Sometimes, it appears that cell phones have become a required accessory attached to every kid and teenager that you see in public. You see them being used for calls, text messaging, music listening, and game playing, virtually everywhere that kids are found.So, how did kids survive without cell phones in the 80′s?

10 ways kids survived without cell phones:
  1. Notes in Class. Kids in the 1980s may have been one of the last generations to have to rely on passing notes to communicate with each other during class.
  2. Pay Phones. Though they are rarely seen in public places today, coin operated pay phones were available on virtually every street corner and in most public buildings. If a kid needed a ride, or otherwise wanted to make a phone call while out and about, it was going to cost them a quarter.
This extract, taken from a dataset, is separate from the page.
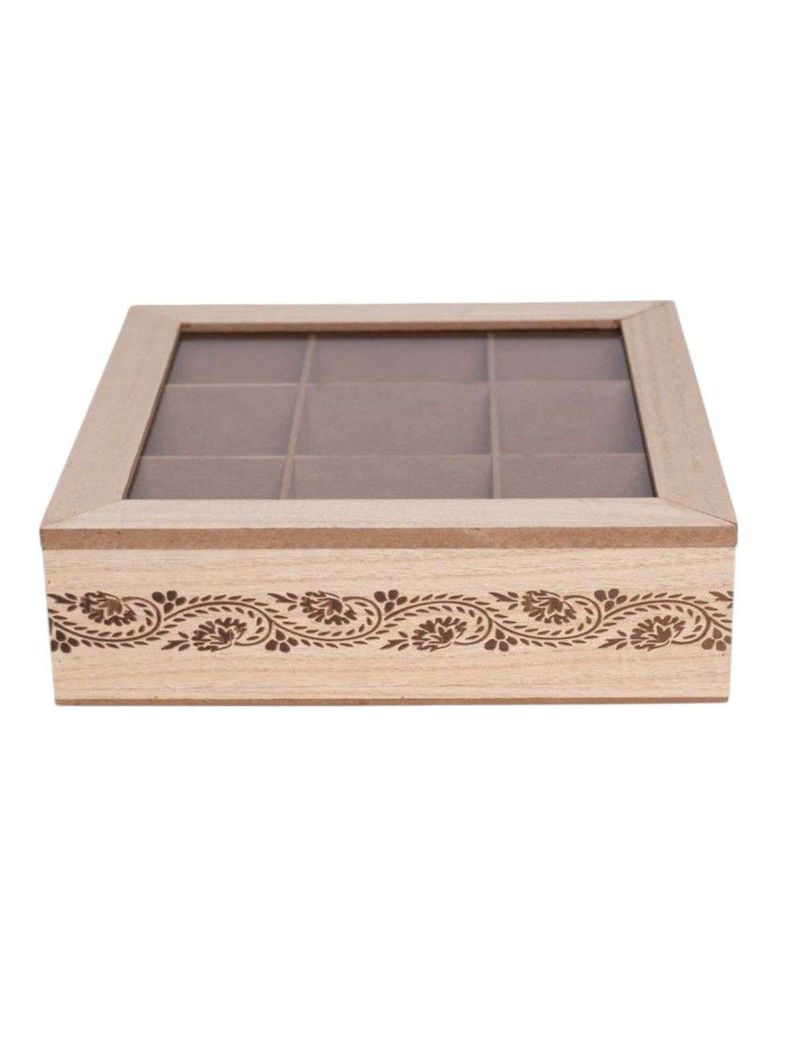 Caja De Té Mediana De Madera 9 Espacios Ramas Flores BE-0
  3. Home Computers. When personal computers first began to be common in homes, kids were some of the first to begin finding new ways to use them for fun. There were few games available for early home computers, but they were perfect tools for role-playing games such as Dungeons & Dragons, which were extremely popular with the young people of that era.
  4. Video Game Arcades. In the 1980s, video game arcades became widespread, and functioned as gathering places for kids and teenagers. Games such as Pac-Man and Space Invaders kept kids feeding quarters into the machines.
  5. Walkman. The Sony Walkman was introduced in 1979, and it changed the way people, especially kids and teenagers, listened to music. By the early 1980s, young people wearing lightweight headphones and bobbing their heads to music had become a common sight in public places. Kids could have their music with them at all times, without annoying people around them.
  6. MTV. In the early 1980s, MTV debuted, and kids everywhere gathered in front of the television to watch and listen to music videos. MTV literally changed the way the music business operated, as videos became a required part of virtually every new music release.
  7. Game Consoles. Atari, Sega, and Nintendo became household names in the 1980s, and the first stores devoted completely to electronic game cartridges and accessories began to appear. During this period, many homes began to have at least one television that was devoted completely to video games.
  8. Game Watches. It may sound a bit hokey to today’s kids, but the introduction of Game Watches by Nelsonic Industries was a huge step in the evolution of gaming. Game watch combined a timepiece with an electronic game, was worn on a wrist like a watch, and could be played anywhere.
  9. Game and Watch. The Game and Watch from Nintendo was a handheld device that, like the Game Watch above, combined a timepiece and a video game. The early versions were made to play only one game, but later versions allowed the user to play various games on one unit.
  10. Teen lines. Many homes in the 80′s had more than one phone line for their land line phone. Often times, the second line was referred to as the ‘teen’ line. If they wanted to call their friends, they used the their land line at home to call their friend on their friend’s home phone.
It may be hard for young people today to imagine, but life in the 1980s without cell phones was not only survivable, it was an exciting time of innovation, and many of the applications that kids use on their cell phones today were born during that decade.